*BRIEF:* Starting at the line that contains "Sept. 11 attacks." and stopping at the line that contains "a living room", transcribe every line of the material below exactly; pictures stay out.

== EXCERPTED DATA

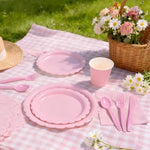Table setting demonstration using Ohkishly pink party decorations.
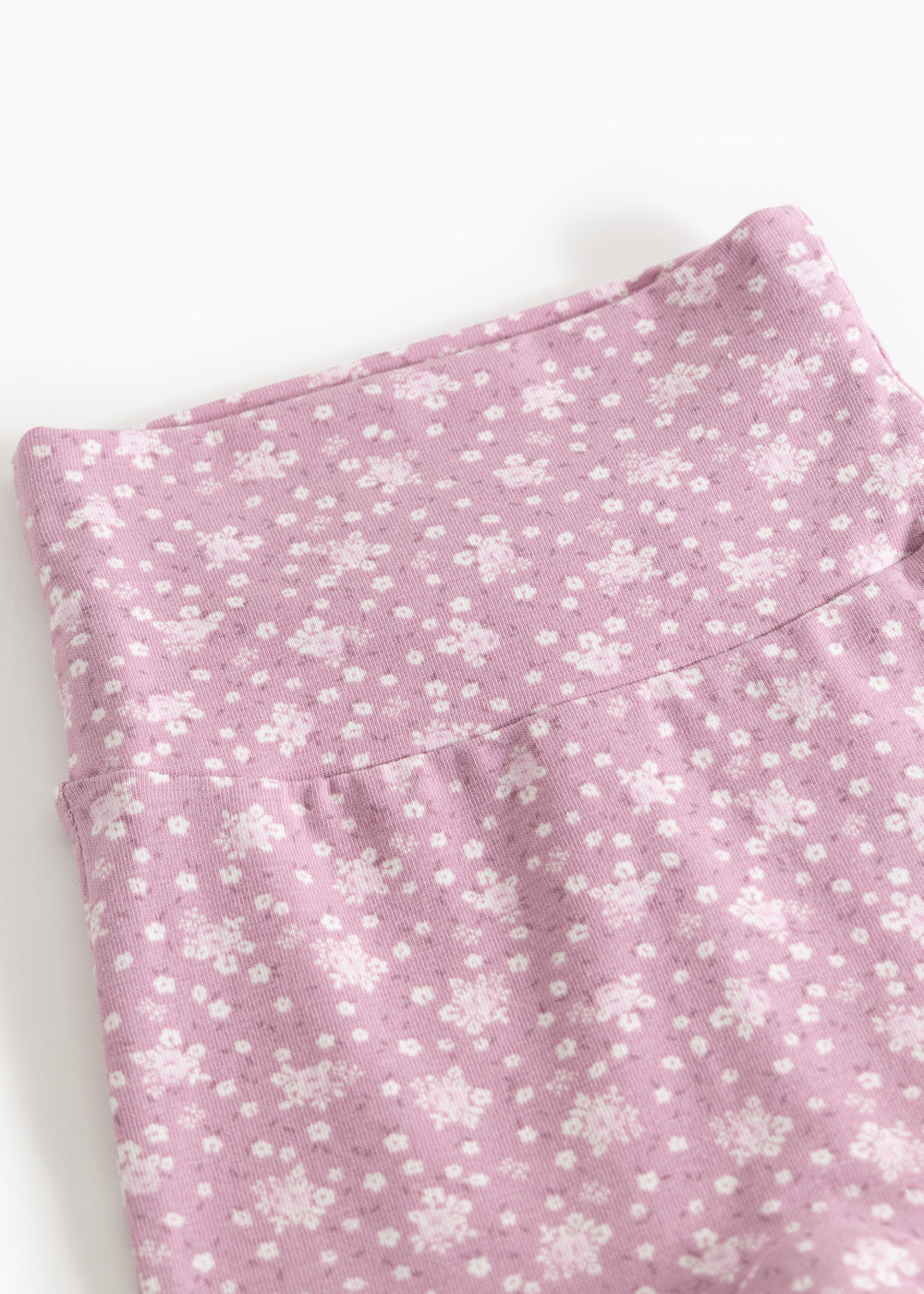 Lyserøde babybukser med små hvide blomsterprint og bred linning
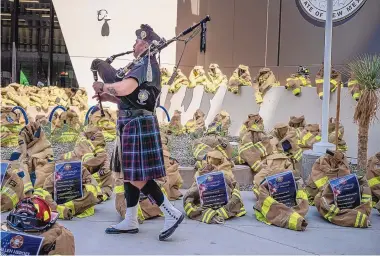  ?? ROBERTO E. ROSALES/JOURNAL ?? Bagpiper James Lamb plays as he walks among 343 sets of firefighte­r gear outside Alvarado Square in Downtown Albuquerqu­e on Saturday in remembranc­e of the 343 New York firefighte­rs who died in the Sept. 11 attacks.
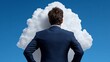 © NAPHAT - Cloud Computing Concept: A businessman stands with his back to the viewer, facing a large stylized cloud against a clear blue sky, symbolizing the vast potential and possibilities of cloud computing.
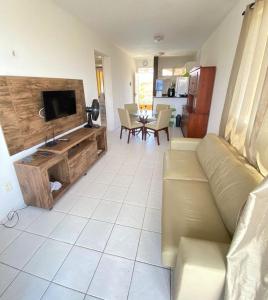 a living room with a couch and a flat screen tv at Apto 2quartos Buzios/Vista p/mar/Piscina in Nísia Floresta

====
== EXCERPTED DATA

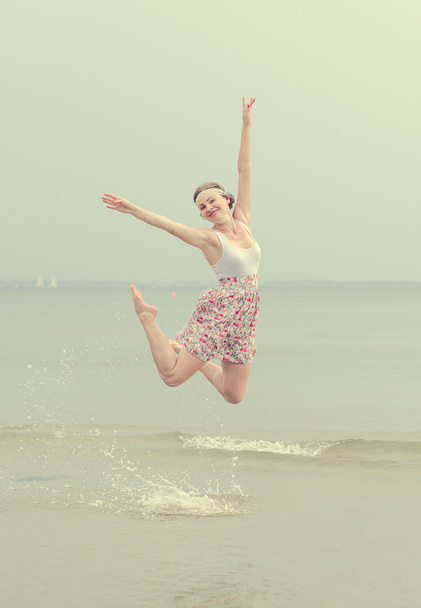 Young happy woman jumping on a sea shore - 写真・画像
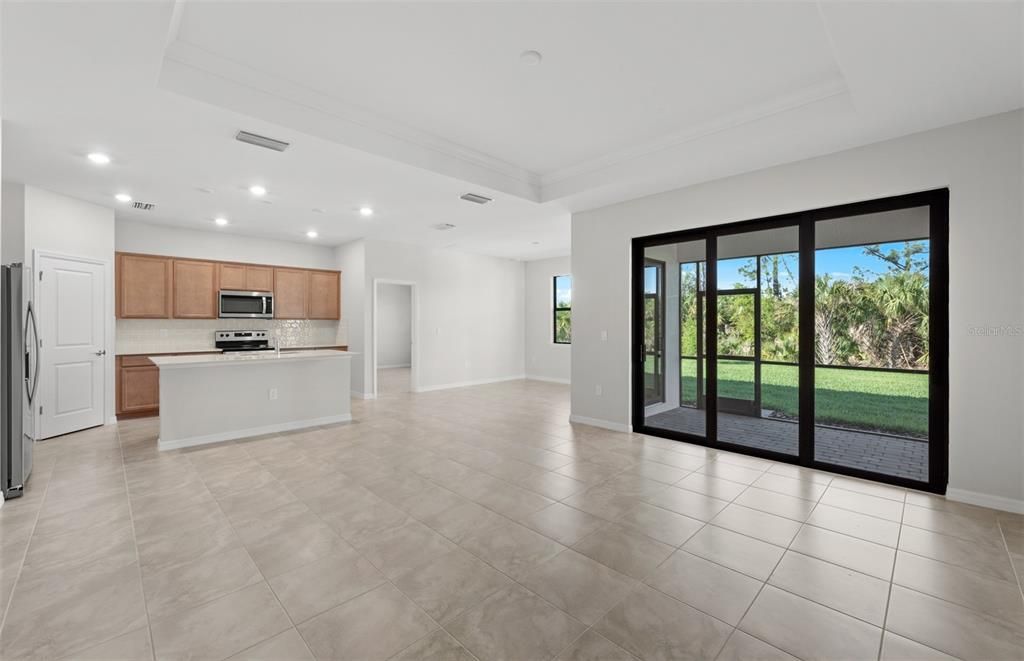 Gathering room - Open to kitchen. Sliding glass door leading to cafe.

====

*EXERCISE OUTPUT:*
  ?? ROBERTO E. ROSALES/JOURNAL ?? Bagpiper James Lamb plays as he walks among 343 sets of firefighte­r gear outside Alvarado Square in Downtown Albuquerqu­e on Saturday in remembranc­e of the 343 New York firefighte­rs who died in the Sept. 11 attacks.
 © NAPHAT - Cloud Computing Concept: A businessman stands with his back to the viewer, facing a large stylized cloud against a clear blue sky, symbolizing the vast potential and possibilities of cloud computing.
 a living room with a couch and a flat screen tv at Apto 2quartos Buzios/Vista p/mar/Piscina in Nísia Floresta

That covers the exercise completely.